Given information:
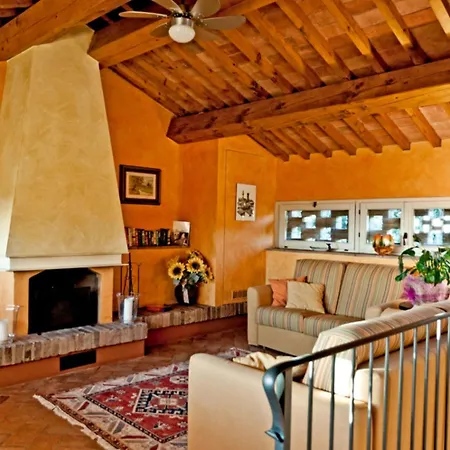 Sotto Colle - E Villa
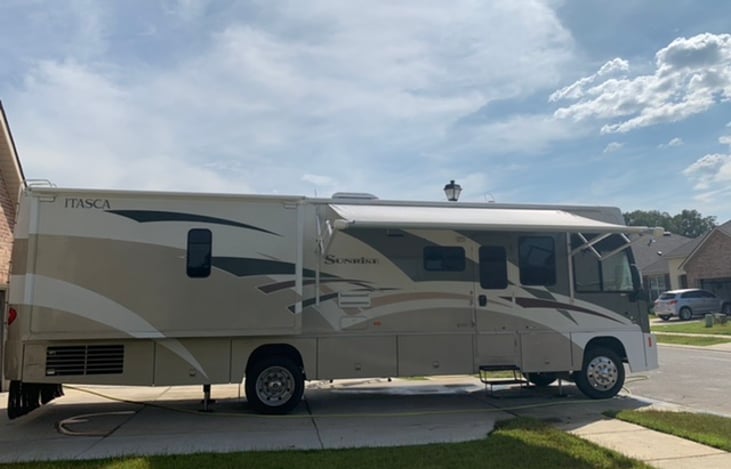 35.0 Suncruiser 35P Class A Motor Home | RVshare
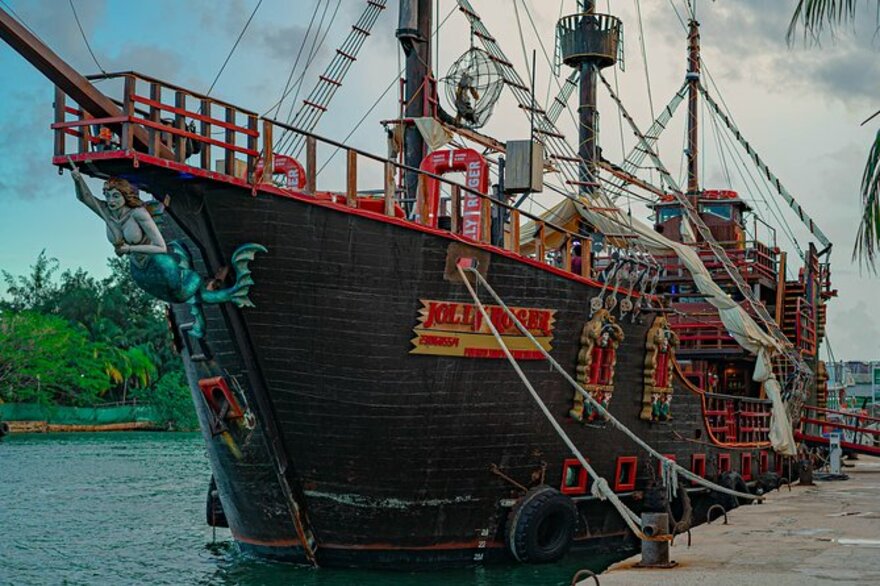 BARCO PIRATA JOLLY ROGER DELUXE CANCUN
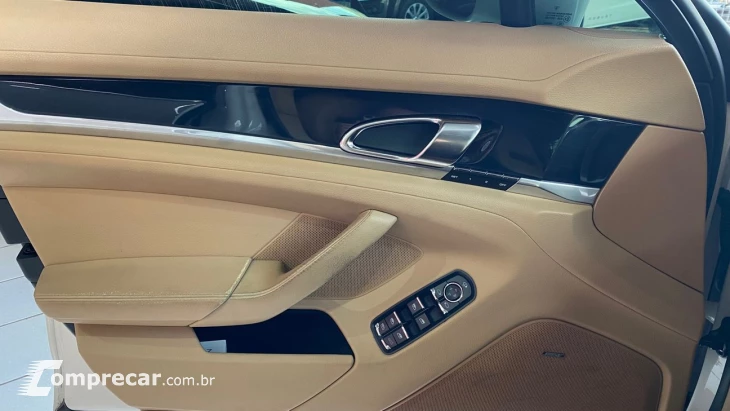 PORSCHE PANAMERA 4.8 4S V8
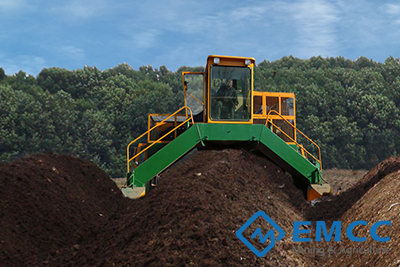 THE ROLE OF HYDRAULIC LIFT COMPOST TURNER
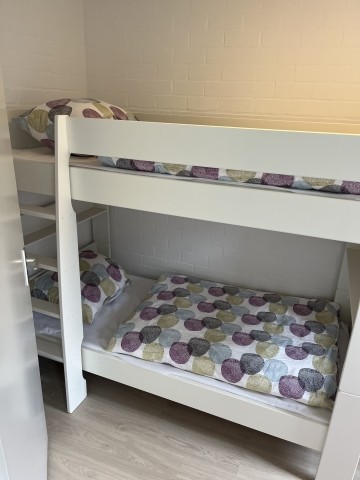 Etagenbett für Kinder. Neue Matratzen;Auflagen und Speziale  Spannbetttücher und Moltonauflagen.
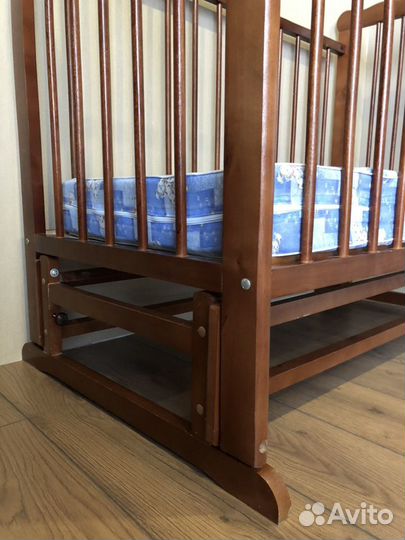 Детская кроватка с продольным маятником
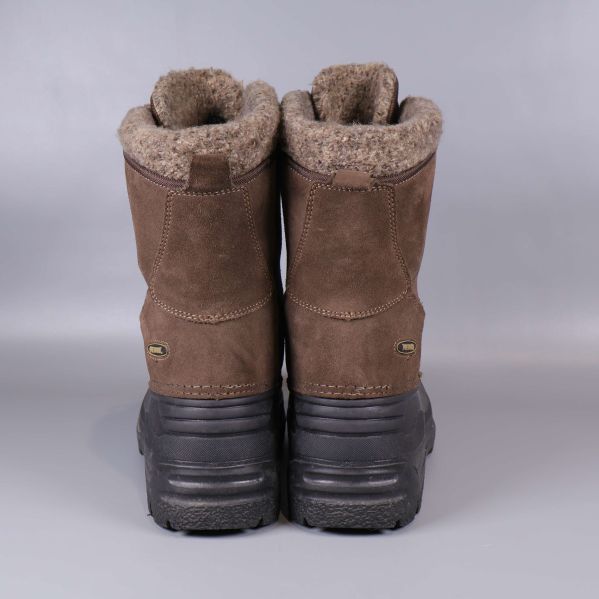 Stövlar bakifrån med synligt brunt och svart material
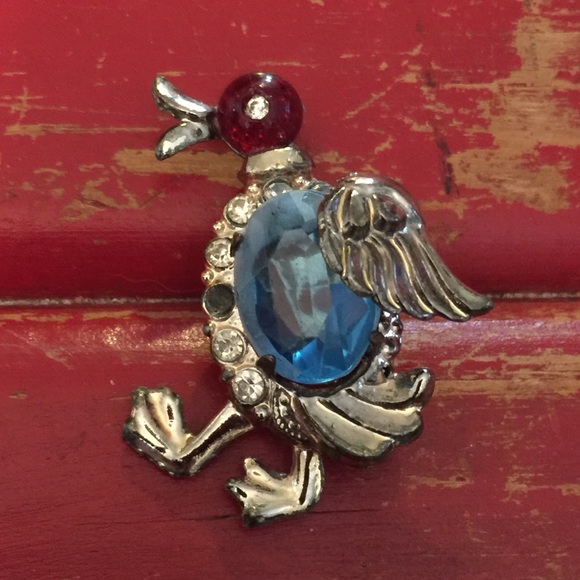Vintage Bird Brooch Gold w Blue, Red Stones Cute!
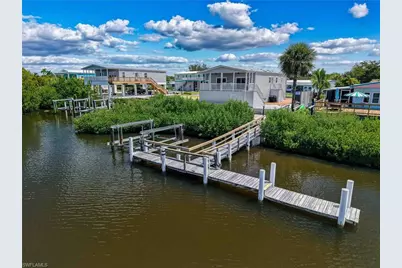 4725 Tahiti Dr, Bonita Springs, FL 34134 - Photo 4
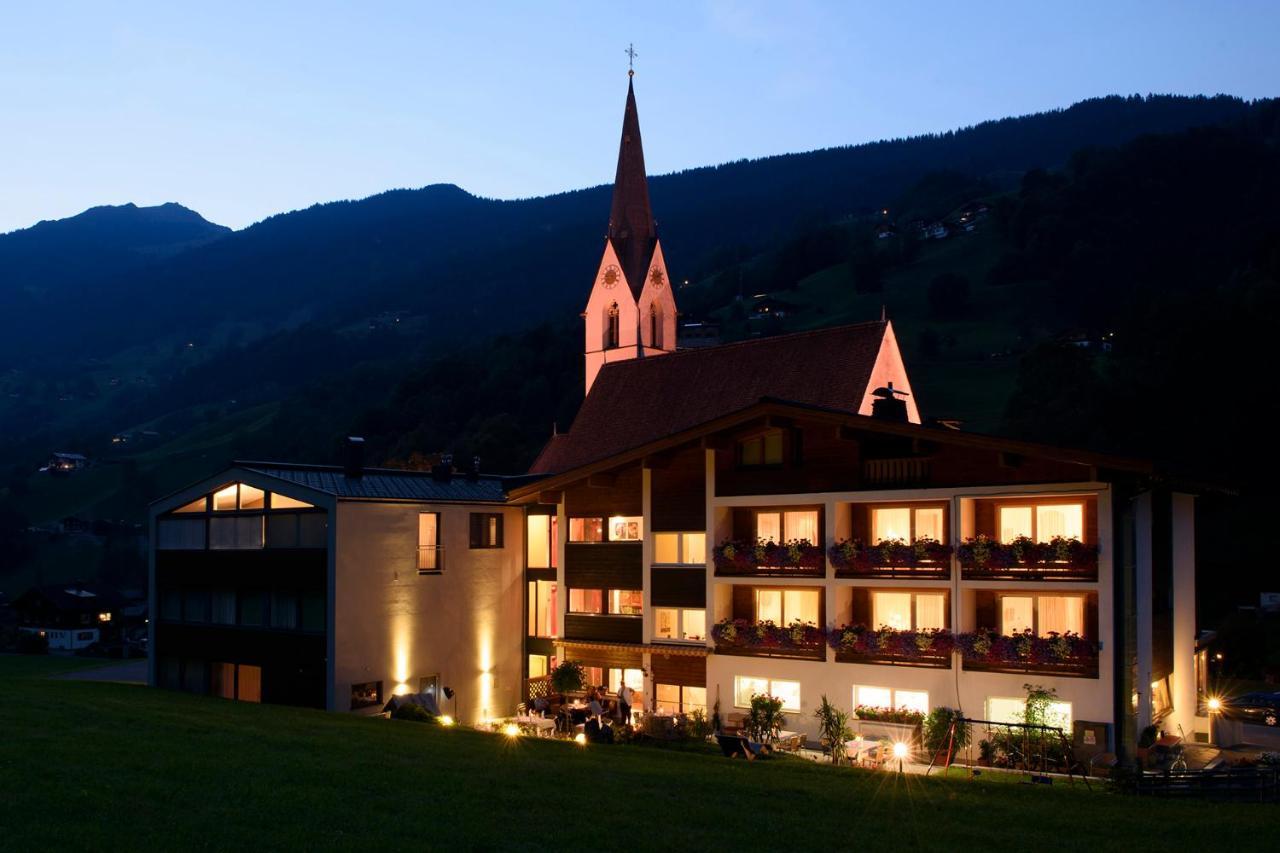 Hotel Silbertal Exterior photo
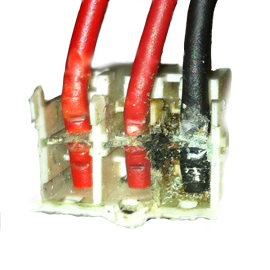 lave-vaisselle-fils-electriques-cablage-abime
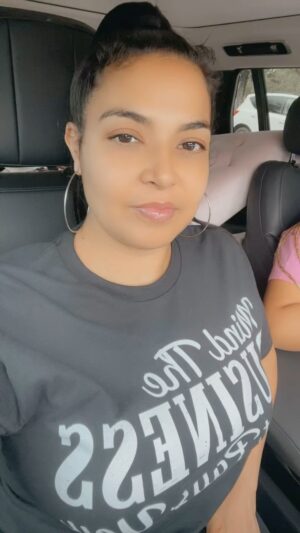 Tammy Jackson Instagram - Popped up on my college student today at her dorm to take her to lunch and she gonna have the nerve to say why I always wanna be around her 😂 heffa 🩷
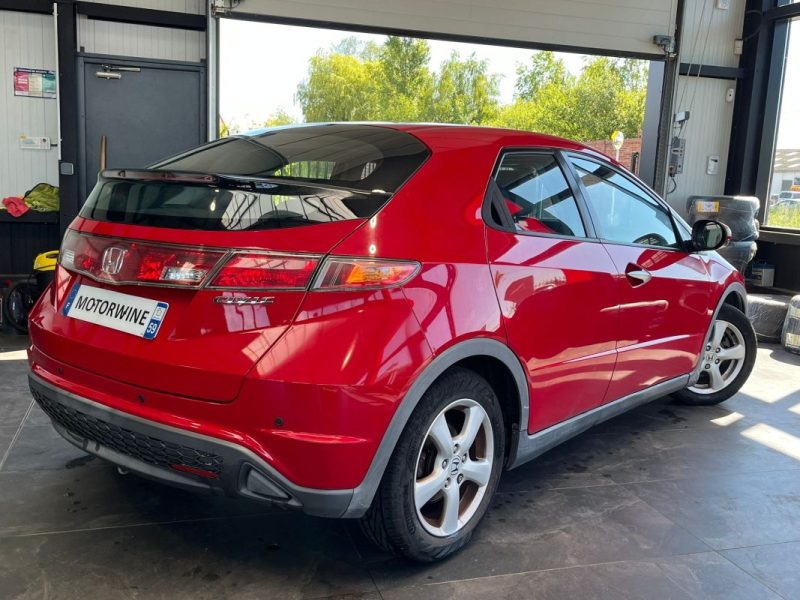 🚗 HONDA CIVIC VIII 1.3 83ch ⚙️ 📡 Radar de recul 📱 CarPlay ❄️ Climatisation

Instructions for the task:
Take the line containing "4725 Tahiti Dr, Bonita" and every line after it to the end of the records, and restate them verbatim, with no pictures.

Written solution:
 4725 Tahiti Dr, Bonita Springs, FL 34134 - Photo 4
 Hotel Silbertal Exterior photo
 lave-vaisselle-fils-electriques-cablage-abime
 Tammy Jackson Instagram - Popped up on my college student today at her dorm to take her to lunch and she gonna have the nerve to say why I always wanna be around her 😂 heffa 🩷
 🚗 HONDA CIVIC VIII 1.3 83ch ⚙️ 📡 Radar de recul 📱 CarPlay ❄️ Climatisation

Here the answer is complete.